→ Record excerpts:
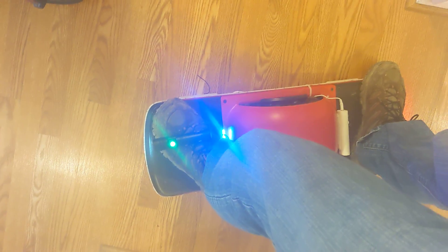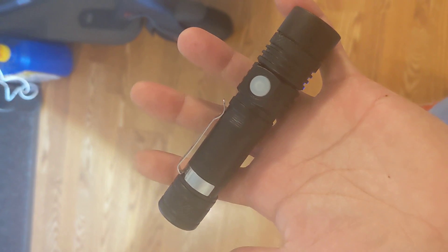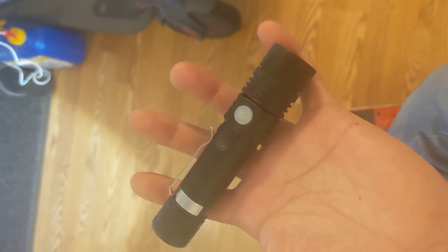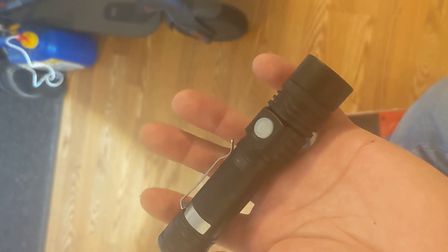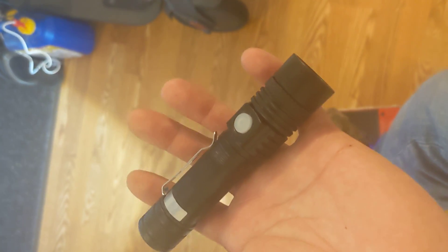Here's the cheapest way to get a light for your Onewheel Pint — it's literally attaching a flashlight to your shoelaces. I got two of these rechargeable flashlights that have a little pocket clip for $20 on Amazon, and I just attach them directly to my shoelaces.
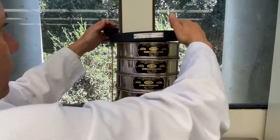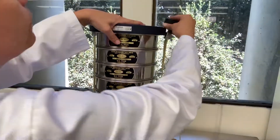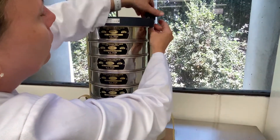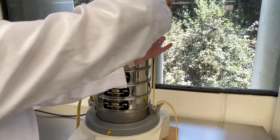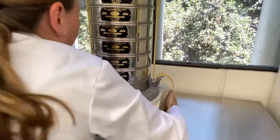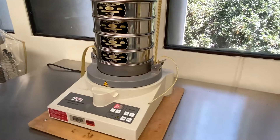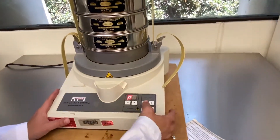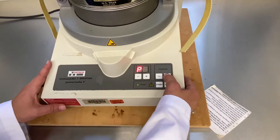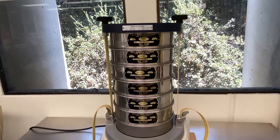After you load the coffee into the sieve shaker, you reseal it. Make sure that everything is nice and tight. You turn it on, hit the start button, and you start to increase the amplitude — and it's going to get louder as you keep pushing the button.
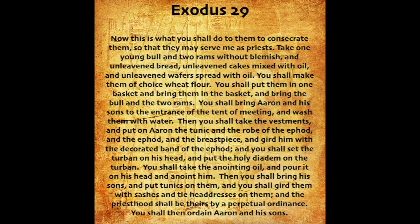Exodus chapter 29. Now this is what you shall do to them to consecrate them, so that they may serve me as priests. Take one young bull and two rams without blemish, and unleavened bread, unleavened cakes mixed with oil, and unleavened wafers spread with oil. You shall make them of choice wheat flour. You shall put them in one basket and bring them in the basket, and bring the bull and the two rams.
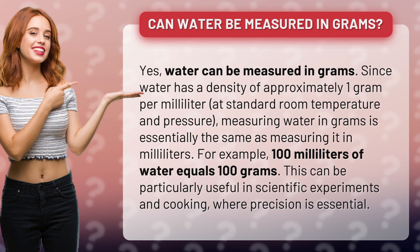100 milliliters of water equals 100 grams. This can be particularly useful in scientific experiments and cooking, where precision is essential.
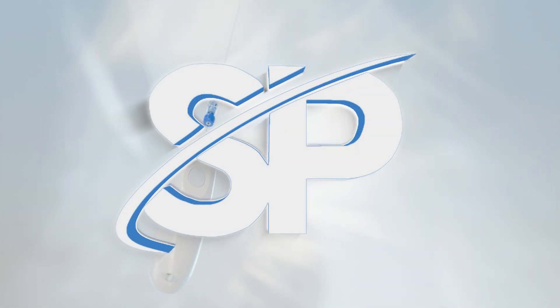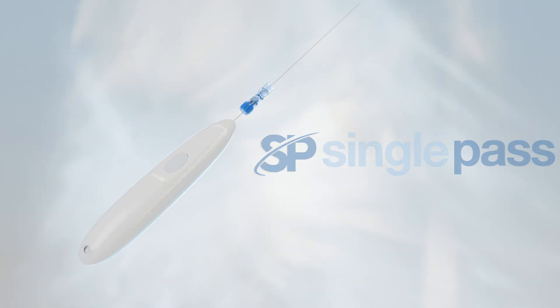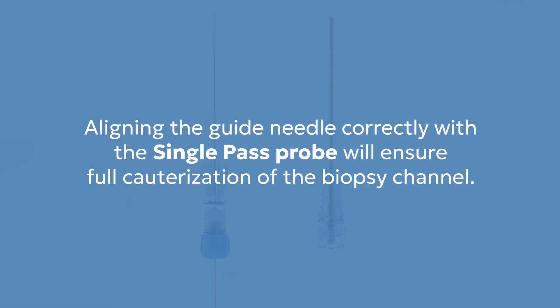The Single Pass Cautery Biopsy Closure Device is designed to cauterize the needle channel following a biopsy. Each procedure begins by properly aligning the selected guide needle with the Single Pass device. Aligning the guide needle correctly with the Single Pass probe will ensure full cauterization of the biopsy channel.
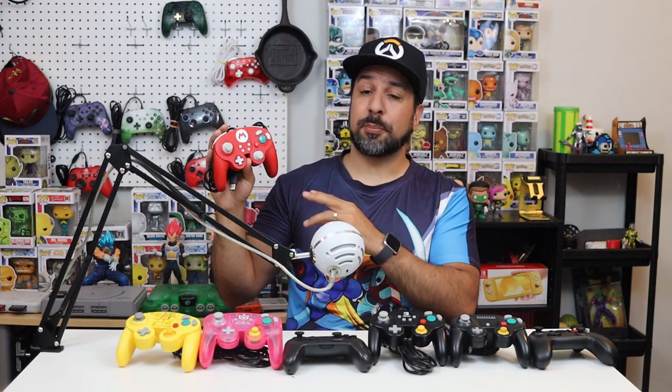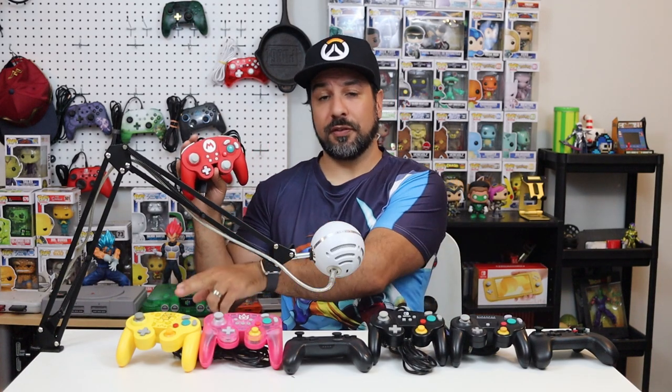The cherry on top compared to the PowerA is the price — only about $25. So if you have a big household or invite friends over often, you can buy two of these for the price of one PowerA. For more detail, check out the review on the PDP Fight Pad Pro on my channel.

→ Your assignment: Would you retype exactly the lines running from the line that contains "The Single Pass Cautery" through the end of the listing above, both included? Skip every picture.

→ Expected answer:
The Single Pass Cautery Biopsy Closure Device is designed to cauterize the needle channel following a biopsy. Each procedure begins by properly aligning the selected guide needle with the Single Pass device. Aligning the guide needle correctly with the Single Pass probe will ensure full cauterization of the biopsy channel.
The cherry on top compared to the PowerA is the price — only about $25. So if you have a big household or invite friends over often, you can buy two of these for the price of one PowerA. For more detail, check out the review on the PDP Fight Pad Pro on my channel.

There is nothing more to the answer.